WORK INSTRUCTIONS -> Verbatim, and with nothing else, reproduce the data below from its first line through the line containing "T-SHIRT 100% ΒΑΜΒΑΚΙ".

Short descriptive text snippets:
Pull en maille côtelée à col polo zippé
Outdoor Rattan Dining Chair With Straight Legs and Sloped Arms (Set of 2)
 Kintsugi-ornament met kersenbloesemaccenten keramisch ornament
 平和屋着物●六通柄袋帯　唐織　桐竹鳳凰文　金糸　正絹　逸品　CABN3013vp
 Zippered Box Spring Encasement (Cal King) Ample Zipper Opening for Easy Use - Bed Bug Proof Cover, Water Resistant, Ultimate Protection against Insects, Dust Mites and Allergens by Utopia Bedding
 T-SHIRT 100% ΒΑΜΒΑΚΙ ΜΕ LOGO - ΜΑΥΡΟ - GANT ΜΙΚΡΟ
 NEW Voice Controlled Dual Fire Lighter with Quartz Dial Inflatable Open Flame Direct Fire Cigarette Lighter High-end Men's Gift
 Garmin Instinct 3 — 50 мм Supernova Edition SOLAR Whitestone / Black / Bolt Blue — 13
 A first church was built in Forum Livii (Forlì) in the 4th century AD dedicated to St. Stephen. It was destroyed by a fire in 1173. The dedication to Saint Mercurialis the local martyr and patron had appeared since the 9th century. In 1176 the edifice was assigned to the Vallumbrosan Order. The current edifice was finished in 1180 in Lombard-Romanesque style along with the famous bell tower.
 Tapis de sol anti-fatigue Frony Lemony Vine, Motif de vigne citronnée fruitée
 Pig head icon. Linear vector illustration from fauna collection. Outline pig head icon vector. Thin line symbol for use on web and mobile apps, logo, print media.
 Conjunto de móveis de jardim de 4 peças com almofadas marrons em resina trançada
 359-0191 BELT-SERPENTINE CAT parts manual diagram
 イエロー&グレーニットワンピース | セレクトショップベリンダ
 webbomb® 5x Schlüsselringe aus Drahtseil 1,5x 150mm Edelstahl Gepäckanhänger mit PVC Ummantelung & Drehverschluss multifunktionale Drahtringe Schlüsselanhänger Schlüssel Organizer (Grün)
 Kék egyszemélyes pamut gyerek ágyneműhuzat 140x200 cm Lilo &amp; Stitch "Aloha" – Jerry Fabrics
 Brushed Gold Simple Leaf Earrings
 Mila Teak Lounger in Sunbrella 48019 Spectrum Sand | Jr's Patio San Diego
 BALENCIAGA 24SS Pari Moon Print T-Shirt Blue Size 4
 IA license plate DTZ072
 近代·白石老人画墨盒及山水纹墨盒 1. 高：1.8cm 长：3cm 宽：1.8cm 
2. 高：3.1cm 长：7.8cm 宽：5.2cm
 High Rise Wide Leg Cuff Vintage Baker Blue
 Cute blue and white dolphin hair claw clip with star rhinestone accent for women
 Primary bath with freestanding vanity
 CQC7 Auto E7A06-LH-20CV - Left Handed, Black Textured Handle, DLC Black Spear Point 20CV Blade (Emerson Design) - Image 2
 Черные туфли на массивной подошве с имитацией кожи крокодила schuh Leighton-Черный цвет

SOLUTION ->
Pull en maille côtelée à col polo zippé
Outdoor Rattan Dining Chair With Straight Legs and Sloped Arms (Set of 2)
 Kintsugi-ornament met kersenbloesemaccenten keramisch ornament
 平和屋着物●六通柄袋帯　唐織　桐竹鳳凰文　金糸　正絹　逸品　CABN3013vp
 Zippered Box Spring Encasement (Cal King) Ample Zipper Opening for Easy Use - Bed Bug Proof Cover, Water Resistant, Ultimate Protection against Insects, Dust Mites and Allergens by Utopia Bedding
 T-SHIRT 100% ΒΑΜΒΑΚΙ ΜΕ LOGO - ΜΑΥΡΟ - GANT ΜΙΚΡΟ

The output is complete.